What I can’t predict: more traffic tie-ups, more construction, more delivery vans. But once I enter that remarkable space filled with colors, textures, and aromas, I can feel my limbs lighten and my mind let go of the “shoulds,” as I am able to begin to experience pure, sensual pleasure.
I pluck up zucchini, yellow squash, purple eggplant, Roma tomatoes – I’m planning on ratatouille – and then I have my way with the red potatoes, the button mushrooms, the Vidalia onions.
Isn’t it glorious when you can pick through produce – squeeze it, smell it, and imagine it in your recipe?
I move on to the herbs: fresh thyme, feathery dill, basil to make the gods weep! Next it’s the breads – all organic – and amazing. Sourdough and artisan loaves, ciabbata and multigrain, hearty pumpernickel and rustic baguettes.
Breathing, Assessing, Reminding… Relaxing
My ride home was uneventful, though stalled again by clogs that are unusual at the hour I was on the road. Despite being hungry, I reminded myself that I was “almost there” – home, where I could eat, take an Advil, get to work, and feel more in control.
On my return, while stuck behind more trucks, vans, and other obstacles, I was calmer – yet wondering what I might do to make relaxation more “natural” to me.
I need to do a better job of managing stress (this isn’t news), but the Type A description points out, that isn’t as simple as The Idiot’s Guide to Deep Breathing.
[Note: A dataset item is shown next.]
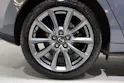 Mazda 3 HB G 140 Centre Line A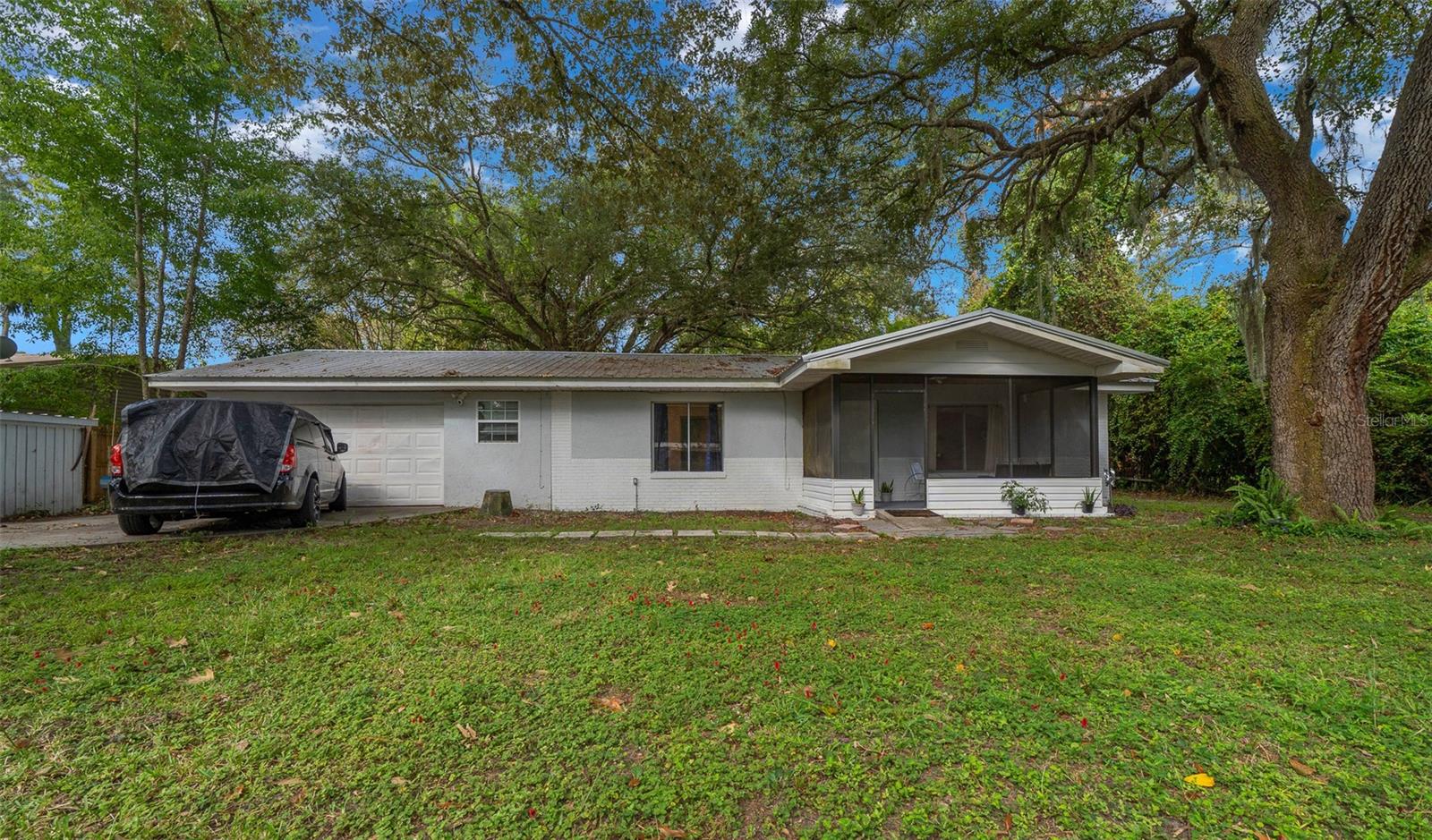 11350 NW 108TH TER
And yet I unwind at the food market, I “chillax” when I can people-watch, and yes, if I am so fortunate as to make my way to Paris, the worst aspects of my Type A stress simply fall away.
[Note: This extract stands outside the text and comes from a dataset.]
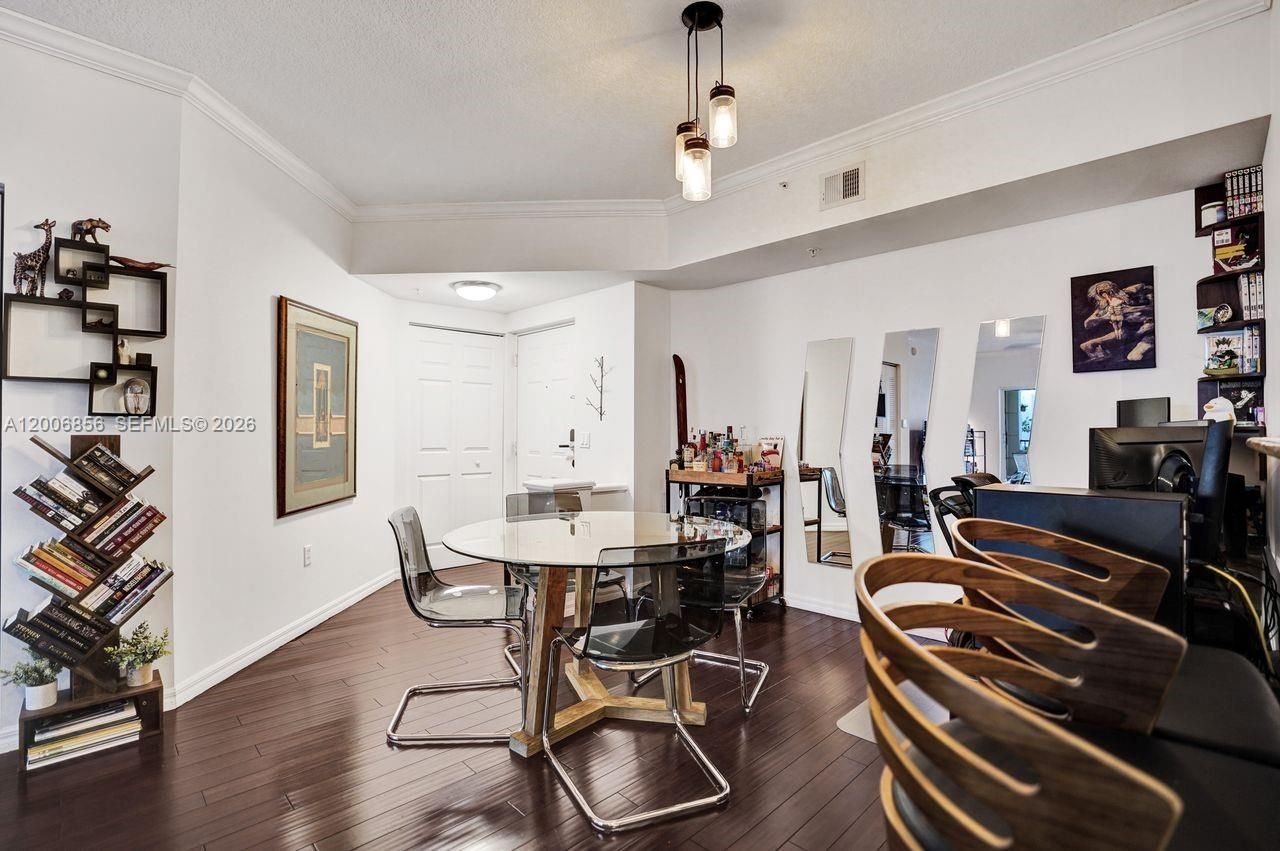 2220 Tuscany Way, Unit 2220, Boynton Beach, FL 33435 Photo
Tips on Relaxation, Standard-Style
But I’m not in Paris. So what can I do given where I am, where my life is, and all that is out of my hands – as it is with any of us?
They include meditation and exercise of various types. For some people, deep breathing may be enough to “center” themselves and gain significant benefit when otherwise feeling stressed.
Some use reading – isn’t that lovely? – but that assumes that you have time to read and by definition, the Type A feels so pressed that she is likely to determine there is no time to read!
Music? That’s big for some. The man in my life unwinds to the Rolling Stones and The Doors, but as it is, he’s decidedly Type B.
Tips on Relaxing for Type A Personalities
So what exactly can the Type A do?
- Yoga has been suggested. I need to look into it.
- Daily walking: fresh air, movement, a dose of nature – the mind can work if necessary, but unwinding does take place.
- Storytelling. Being on the receiving end of a great story is, for me, enthralling. So how do I incorporate this into my routine in some way?
- Laughter. This means touching base with friends more often, finding perspective, and letting go. Easier said than done, but oh so good.
- Writing used to center me most pleasurably. Typically that means writing by hand in my journal. I’ve taken up that habit again to see if it yields positive effects.
I did come across these stress relief techniques, and while I’ve tried them before (to no avail), I need to give them a shot again – in earnest.
Certainly, when I make a point to give to others, I get out of my own head and stress diminishes. However, as soon as I’m back in my home where I work, I’m in all too familiar High Stress Turf once again. Frankly, I’m open to suggestions.
Any of you Type A’s out there – might you share what helps you to truly relax?